けっきょく、このことを憂いたモードがら、薬を飲んで自ら死を選びとることで、ハロルドに「死」の本当の意味=生きることの意味に気づかせた、ということになるように、評論子には思われます。
つまり、彼女自身が、文字どおり身を挺することで、いわば触媒となって、ハロルドの内側に「化学反応」を起こさせたと言えるのではないでしょうか。
そう考えると、親友としてハロルドを想うモードの心根が、ずしりと胸に痛い一本になると思います。評論子は。
老い先短い自分とは違って、ハロルドには、死を興味・関心の対象として捉えるのではなく、若者らしい生命感に満ちみちて生きて欲しいと、彼女は希(こいねが)っていたことは、疑いがありません。
それは、おそらくは死地(ホロスコート)から九死に一生を得てきたモードの本音だったことでしょう。
そして、その想いに気づき、その想いに応えたハロルドは、愛車の霊柩車をかっ飛ばしたあと、崖から落として粉微塵に壊してしまう。
それらの心根の純粋さというのか、温かさというのか、それらの想いに、胸がいっぱいになりそうな感慨が迫りました。
地元の市が主催する令和5年度男女共生セミナーで、女性納棺師のお話を聴く機会があり、「死を考えることで、より良く生きる」という考え方に触発されて来ましたが、本作も少年の死生観(の移り変わり)を描いた作品だったと記憶していたことから、初観から数年を経て、その講演を契機として、改めて観直すことにしたものでした。

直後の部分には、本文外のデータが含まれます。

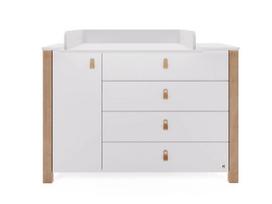 YAPPY KIDS komoda su vystymo lenta ÉTUDE II, White, DSR_ETU2_WHT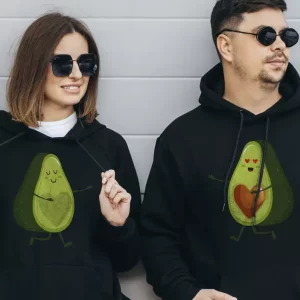 T-shirt couple heureux avocats T-shirt couple heureux avocats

観終わって、その「輝き」が少しもくすんでいないことも、嬉しく思いました。
何年間ぶりに再観しても、やはり、その素晴らしさはら、変わりはありませんでした、評論子には。
やはり、秀作であったと思います。
<映画のことば>
「死んでるのって楽しいと気づいたんだ。」
「分かるわ。そう思っている人って多い。でも、生きてるの。人生から逃げ腰になっているだけ。当たって砕けなさい。時には傷つくことも。でも、思いきりやるのよ。頑張って、相棒!懸命に生きるの。生き甲斐を求めて。じゃないと、面白味のない人間になる。」